Anthony Fisher אנתוני פישר

No. 3 – Maccabi Haifa
- Position: Shooting guard
- League: Israeli Basketball Premier League

Personal information
- Born: January 31, 1986 (age 40) Alpharetta, Georgia, U.S.
- Nationality: American / Israeli
- Listed height: 6 ft 3 in (1.91 m)
- Listed weight: 185 lb (84 kg)

Career information
- High school: Chattahoochee (Johns Creek, Georgia)
- College: Tennessee Tech (2004–2008)
- NBA draft: 2008: undrafted
- Playing career: 2008–present

= Anthony Fisher (basketball, born 1986) =

American basketball player

Anthony Fisher (אנתוני פישר; born January 31, 1986) is an American-Israeli basketball player for Maccabi Haifa in the Israel Basketball Premier League.
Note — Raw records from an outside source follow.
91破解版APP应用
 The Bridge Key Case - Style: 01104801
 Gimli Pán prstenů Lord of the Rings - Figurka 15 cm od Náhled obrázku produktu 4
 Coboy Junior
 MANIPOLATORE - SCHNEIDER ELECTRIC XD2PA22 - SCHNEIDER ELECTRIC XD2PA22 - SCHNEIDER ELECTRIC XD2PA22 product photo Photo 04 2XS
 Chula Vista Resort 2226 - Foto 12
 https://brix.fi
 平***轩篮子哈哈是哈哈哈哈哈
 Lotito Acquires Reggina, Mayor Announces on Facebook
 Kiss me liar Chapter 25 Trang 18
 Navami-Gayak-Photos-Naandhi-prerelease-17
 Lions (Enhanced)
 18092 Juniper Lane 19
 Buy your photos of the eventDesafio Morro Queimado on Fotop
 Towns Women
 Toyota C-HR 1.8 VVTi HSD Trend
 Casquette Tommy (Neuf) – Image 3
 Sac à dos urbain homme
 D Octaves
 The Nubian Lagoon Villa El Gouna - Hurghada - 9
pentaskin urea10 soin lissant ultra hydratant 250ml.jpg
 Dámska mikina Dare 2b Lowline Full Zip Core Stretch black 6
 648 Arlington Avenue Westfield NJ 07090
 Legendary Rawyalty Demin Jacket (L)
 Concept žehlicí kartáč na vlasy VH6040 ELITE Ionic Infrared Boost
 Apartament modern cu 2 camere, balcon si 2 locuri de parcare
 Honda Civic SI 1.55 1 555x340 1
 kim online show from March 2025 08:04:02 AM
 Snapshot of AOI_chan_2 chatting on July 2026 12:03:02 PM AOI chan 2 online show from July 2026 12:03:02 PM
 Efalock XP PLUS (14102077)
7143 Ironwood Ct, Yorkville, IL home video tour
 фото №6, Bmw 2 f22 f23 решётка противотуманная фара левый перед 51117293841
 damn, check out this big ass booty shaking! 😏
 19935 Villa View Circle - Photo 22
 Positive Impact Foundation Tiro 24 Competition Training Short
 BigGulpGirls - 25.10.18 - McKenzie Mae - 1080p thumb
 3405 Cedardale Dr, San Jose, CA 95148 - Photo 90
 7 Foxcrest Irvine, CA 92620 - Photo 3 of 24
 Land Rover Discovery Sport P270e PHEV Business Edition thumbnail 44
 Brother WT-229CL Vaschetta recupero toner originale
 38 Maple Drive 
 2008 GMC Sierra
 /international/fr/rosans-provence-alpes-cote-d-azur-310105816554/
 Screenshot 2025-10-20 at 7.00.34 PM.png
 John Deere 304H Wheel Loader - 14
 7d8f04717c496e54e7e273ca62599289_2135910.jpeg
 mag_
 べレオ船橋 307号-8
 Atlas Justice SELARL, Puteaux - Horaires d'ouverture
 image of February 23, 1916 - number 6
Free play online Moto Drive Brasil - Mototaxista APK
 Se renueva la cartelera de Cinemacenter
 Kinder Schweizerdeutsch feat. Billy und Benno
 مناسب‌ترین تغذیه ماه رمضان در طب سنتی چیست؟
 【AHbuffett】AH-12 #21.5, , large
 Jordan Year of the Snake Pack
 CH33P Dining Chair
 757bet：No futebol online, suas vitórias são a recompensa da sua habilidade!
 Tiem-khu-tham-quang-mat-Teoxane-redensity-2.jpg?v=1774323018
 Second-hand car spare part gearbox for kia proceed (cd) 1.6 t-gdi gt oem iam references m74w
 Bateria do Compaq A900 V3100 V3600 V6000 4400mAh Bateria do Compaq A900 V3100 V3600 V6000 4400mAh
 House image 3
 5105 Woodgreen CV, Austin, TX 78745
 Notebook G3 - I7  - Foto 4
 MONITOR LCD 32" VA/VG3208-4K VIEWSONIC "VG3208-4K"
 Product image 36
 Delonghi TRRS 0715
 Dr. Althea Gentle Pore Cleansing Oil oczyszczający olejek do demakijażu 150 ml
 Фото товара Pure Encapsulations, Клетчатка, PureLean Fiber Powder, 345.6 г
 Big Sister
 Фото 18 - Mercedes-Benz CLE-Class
He plays the shooting guard position.

==Early and personal life==
He was born in Alpharetta, Georgia. His parents are William and Sandra Fisher. He is 6 ft 3 in tall, and weighs 185 lb.

==Basketball career==
He attended Chattahoochee High School ('04) in Johns Creek, Georgia. Playing basketball there, as a senior he averaged 20 points and 4 assists per game, won the Fulton County and Regional Player of the Year awards, and was Georgia Class 5A All-State team.

He attended Tennessee Tech ('08). Playing for the basketball team, in 2006–07 he was third in the Ohio Valley Conference in points per game (17.2), free throw percentage (.799) and assists per game (4.2), and seventh in field goal percentage (.417). In 2007–08 he was fourth in the OVC in points per game (17.1). In 2007 he was All-OVC First Team, and in 2008 he was All-OVC Second Team. His 1,726 career points are fifth-most in team history.

On May 20, 2020, he signed with Maccabi Haifa in the Israel Basketball Premier League.